Описанная Лихониным модель поведения христианского подвижника имеет абсолютно точный аналог в православной агиографии – Житие Виталия Александрийского (22 апреля)[215]. Главный подвиг этого святого – решение оставить жизнь в монастыре и посвятить остаток дней делу спасения падших женщин (это прямо подчеркнуто в заглавии проложной версии Жития: «…Житие преподобного Виталия, како оставя келию и идее в Александрию и и многие спасе блудницы»). Он поселяется в Александрии, днем занимаясь поденной работой в порту и тратя по вечерам почти все заработанное им на посещение гулящих женщин. Демонстративное распутное поведение бывшего монаха вызывает всеобщее осуждение, а один из молодых посетителей непотребного заведения даже наносит Виталию телесные оскорбления. Лишь после смерти подвижника открывается, что его вызывающее поведение скрывало деятельность по спасению заблудших душ падших женщин. Многие из них действительно раскаялись, оставили греховное ремесло и даже вышли замуж, но молчали о своем спасителе, верные данному Виталию обещанию.

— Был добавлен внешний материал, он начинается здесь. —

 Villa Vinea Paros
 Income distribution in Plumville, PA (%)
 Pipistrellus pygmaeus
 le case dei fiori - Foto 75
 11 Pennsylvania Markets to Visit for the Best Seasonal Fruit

Мораль этого рассказа, прямо заявленная в тексте, – «Не осуждай другого!». Однако бескорыстное служение праведника заблудшим душам, не лишенное к том у же оттенка юродской провокации, явно допускало и другие истолкования. Не удивительно, что история святого распутника Виталия была неоднократно пересказана в европейских литературах Нового времени. Но если швейцарец Готфрид Келлер юмористически переосмысляет житийный текст (его Виталий далеко не стар и плохо знает женщин, отчего влюбленной в него девушке удается женить его на себе), то для русского прочтения Жития важен альтруистический подвиг святого, его стремление отдать собственную душу «за други своя». Таким предстает св. Виталий в «Легендарных характерах» Н. С. Лескова и «Жатве духа» Е. Ю. Кузьминой-Караваевой. Неожиданный отголосок Жития Виталия, «друга блудниц», обнаруживается и в «Комедии о Алексее человеке Божии» М. А. Кузмина (1907)[216].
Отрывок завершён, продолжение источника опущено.